*Your task*
Below are the records; reproduce all of them exactly but without any images.
☆ ☆ ☆ ☆ ☆
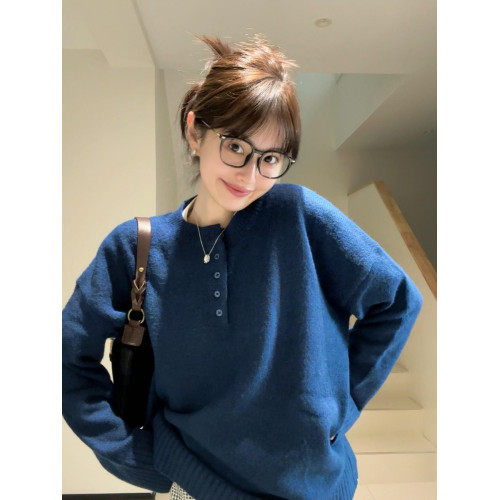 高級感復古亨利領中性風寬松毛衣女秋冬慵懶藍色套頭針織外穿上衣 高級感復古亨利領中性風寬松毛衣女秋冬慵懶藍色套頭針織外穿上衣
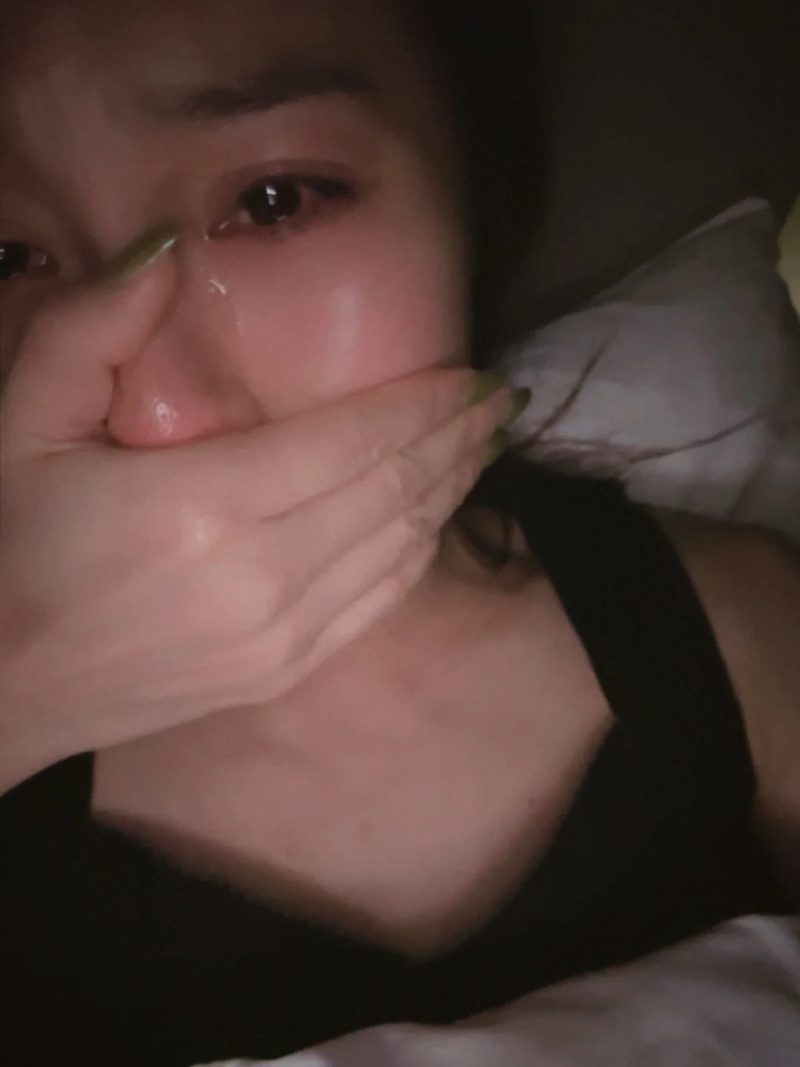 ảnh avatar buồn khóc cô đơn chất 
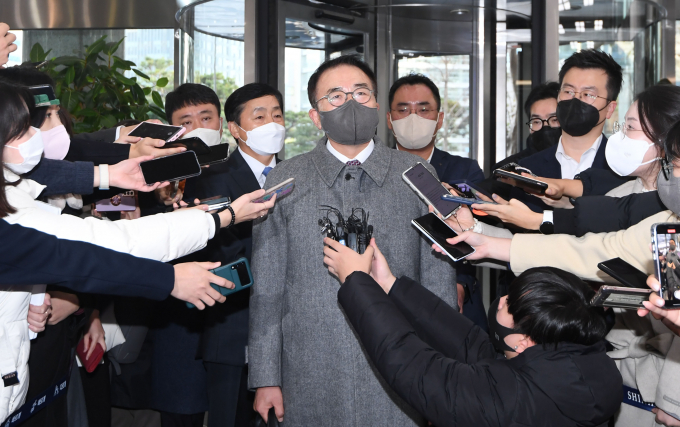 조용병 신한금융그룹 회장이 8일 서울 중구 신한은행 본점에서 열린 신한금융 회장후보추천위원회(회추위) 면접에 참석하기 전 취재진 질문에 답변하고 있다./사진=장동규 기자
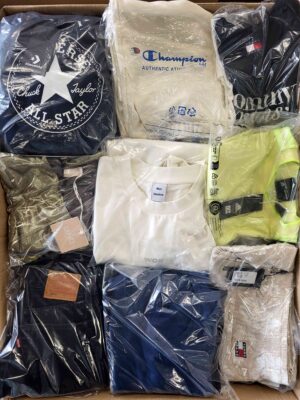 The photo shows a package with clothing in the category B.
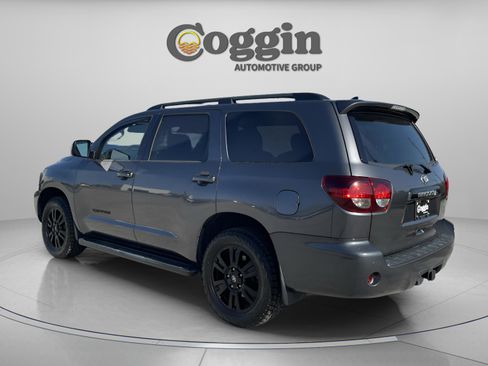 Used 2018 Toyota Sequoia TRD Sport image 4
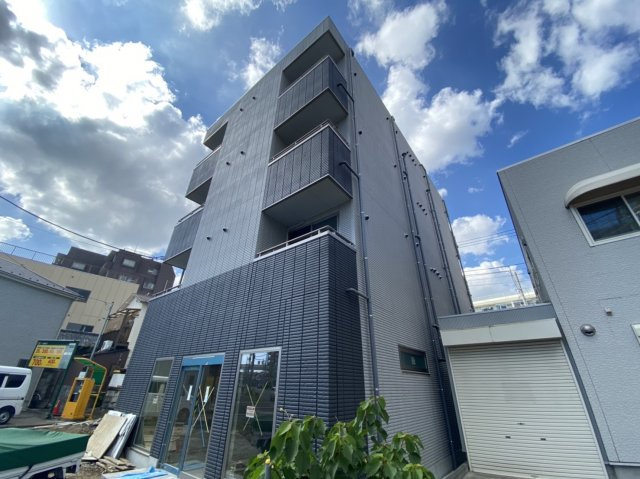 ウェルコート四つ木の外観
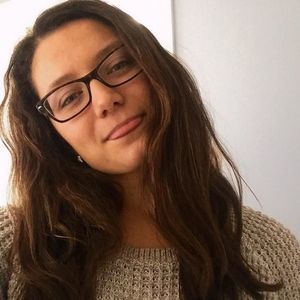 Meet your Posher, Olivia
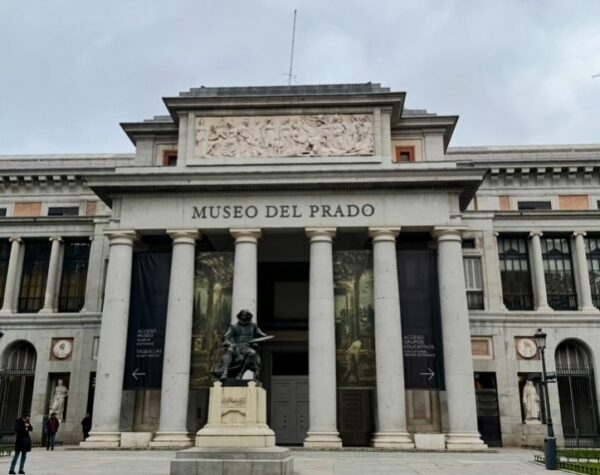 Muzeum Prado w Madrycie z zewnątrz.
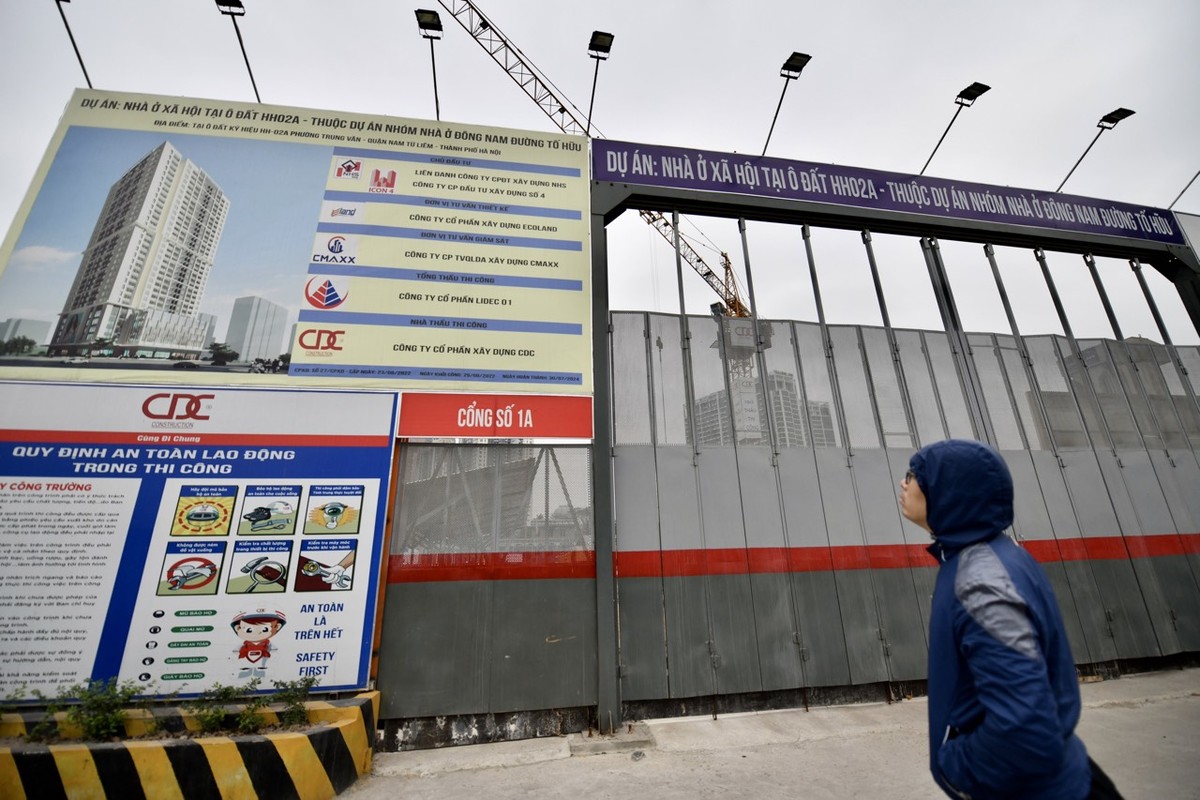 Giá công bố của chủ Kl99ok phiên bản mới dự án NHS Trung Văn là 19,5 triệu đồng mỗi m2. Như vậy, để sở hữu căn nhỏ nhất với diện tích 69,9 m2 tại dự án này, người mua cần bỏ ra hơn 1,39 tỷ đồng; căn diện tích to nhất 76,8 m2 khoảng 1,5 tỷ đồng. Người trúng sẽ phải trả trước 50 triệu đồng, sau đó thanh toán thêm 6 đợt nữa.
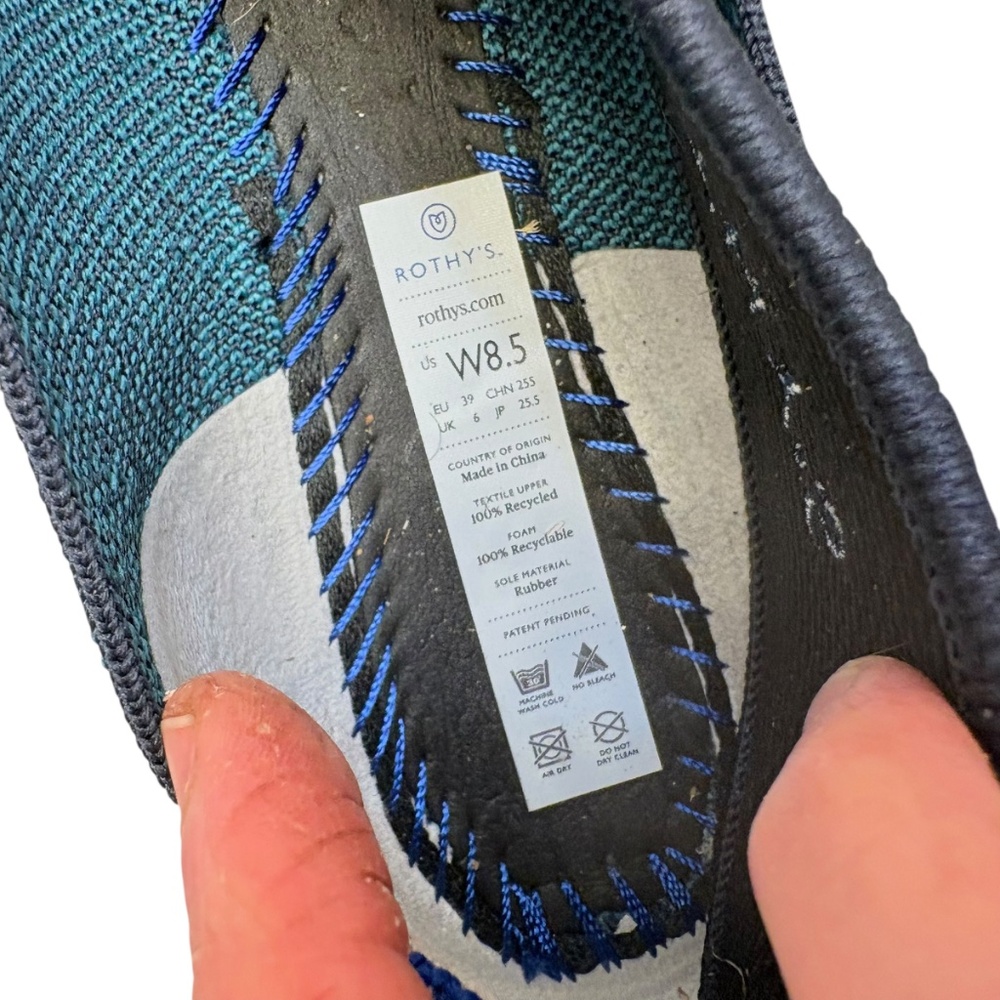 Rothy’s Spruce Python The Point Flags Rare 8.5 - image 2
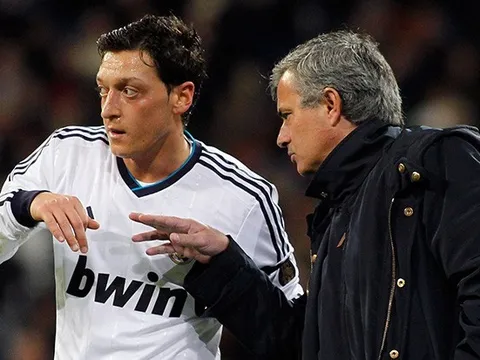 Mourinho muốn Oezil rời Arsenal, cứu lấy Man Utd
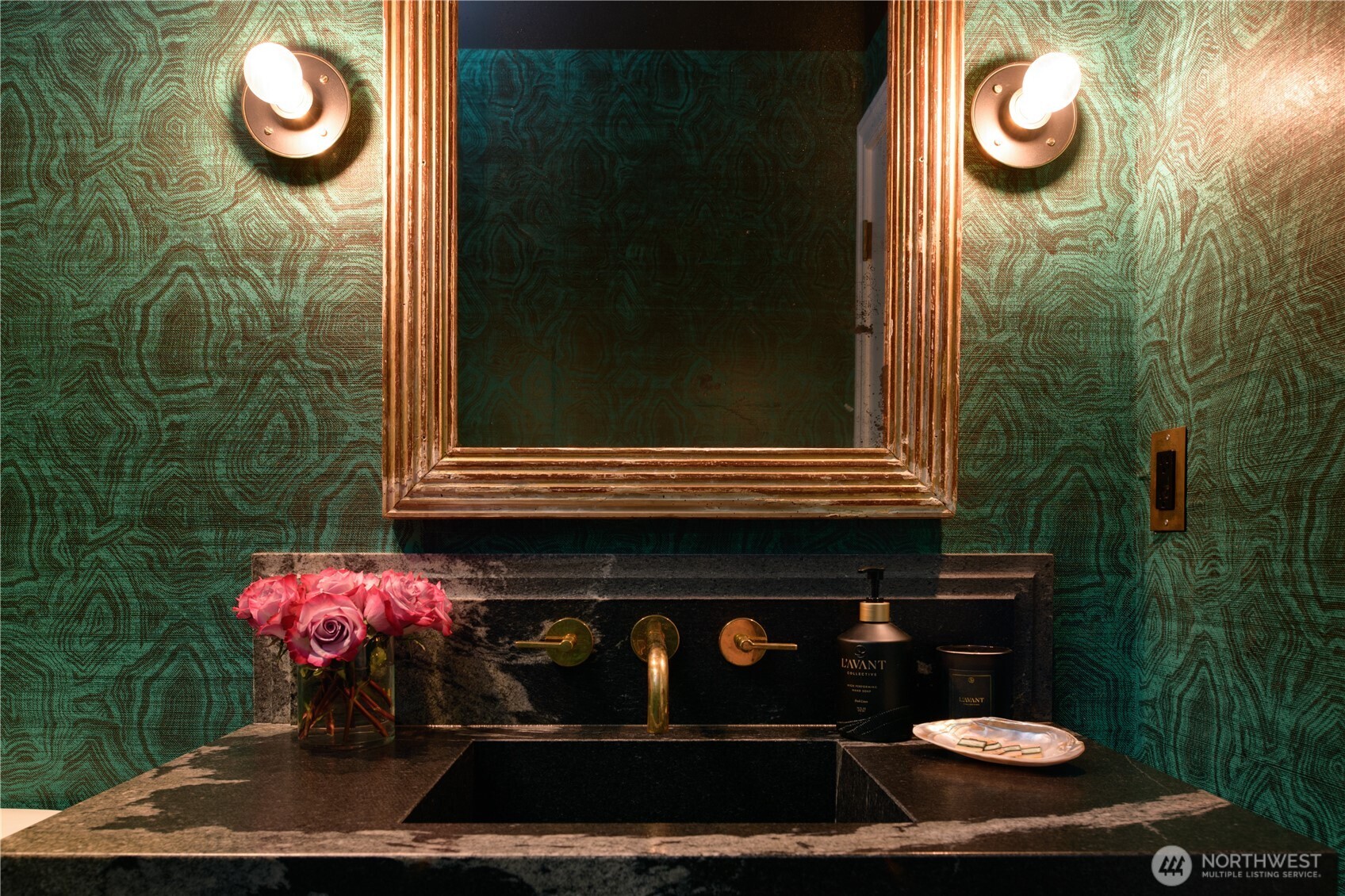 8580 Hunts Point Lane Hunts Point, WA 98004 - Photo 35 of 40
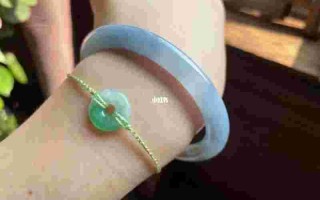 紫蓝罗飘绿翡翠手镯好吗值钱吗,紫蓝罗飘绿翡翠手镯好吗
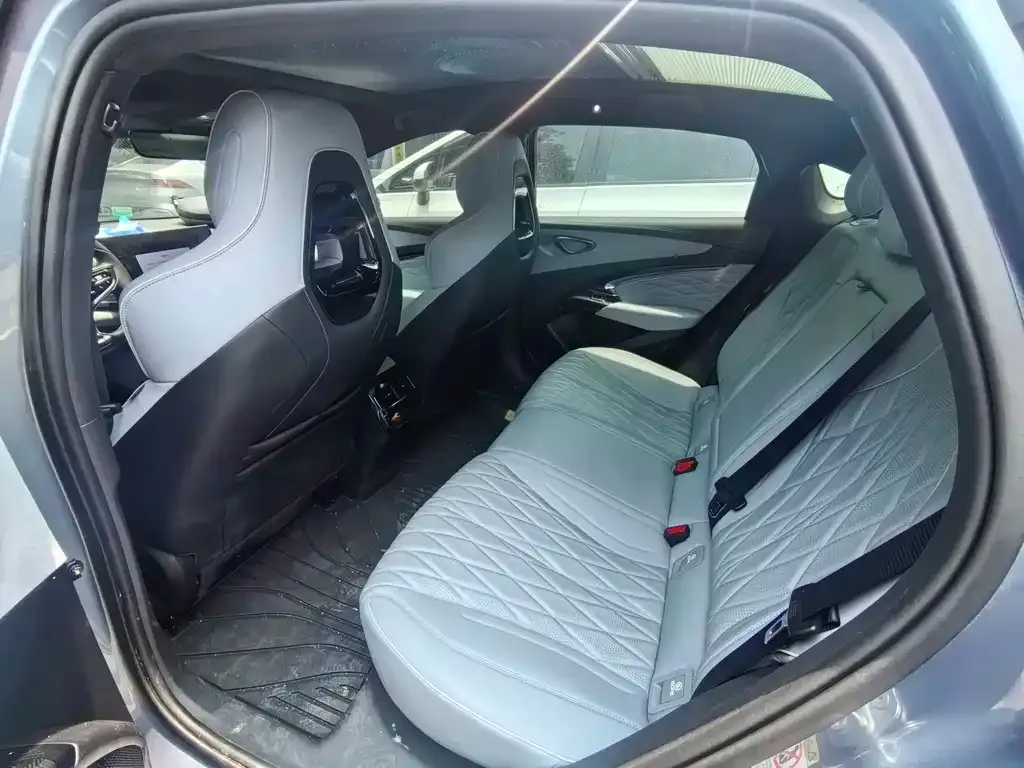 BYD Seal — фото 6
☆ ☆ ☆ ☆ ☆
*Answer box*
 高級感復古亨利領中性風寬松毛衣女秋冬慵懶藍色套頭針織外穿上衣 高級感復古亨利領中性風寬松毛衣女秋冬慵懶藍色套頭針織外穿上衣
 ảnh avatar buồn khóc cô đơn chất 
 조용병 신한금융그룹 회장이 8일 서울 중구 신한은행 본점에서 열린 신한금융 회장후보추천위원회(회추위) 면접에 참석하기 전 취재진 질문에 답변하고 있다./사진=장동규 기자
 The photo shows a package with clothing in the category B.
 Used 2018 Toyota Sequoia TRD Sport image 4
 ウェルコート四つ木の外観
 Meet your Posher, Olivia
 Muzeum Prado w Madrycie z zewnątrz.
 Giá công bố của chủ Kl99ok phiên bản mới dự án NHS Trung Văn là 19,5 triệu đồng mỗi m2. Như vậy, để sở hữu căn nhỏ nhất với diện tích 69,9 m2 tại dự án này, người mua cần bỏ ra hơn 1,39 tỷ đồng; căn diện tích to nhất 76,8 m2 khoảng 1,5 tỷ đồng. Người trúng sẽ phải trả trước 50 triệu đồng, sau đó thanh toán thêm 6 đợt nữa.
 Rothy’s Spruce Python The Point Flags Rare 8.5 - image 2
 Mourinho muốn Oezil rời Arsenal, cứu lấy Man Utd
 8580 Hunts Point Lane Hunts Point, WA 98004 - Photo 35 of 40
 紫蓝罗飘绿翡翠手镯好吗值钱吗,紫蓝罗飘绿翡翠手镯好吗
 BYD Seal — фото 6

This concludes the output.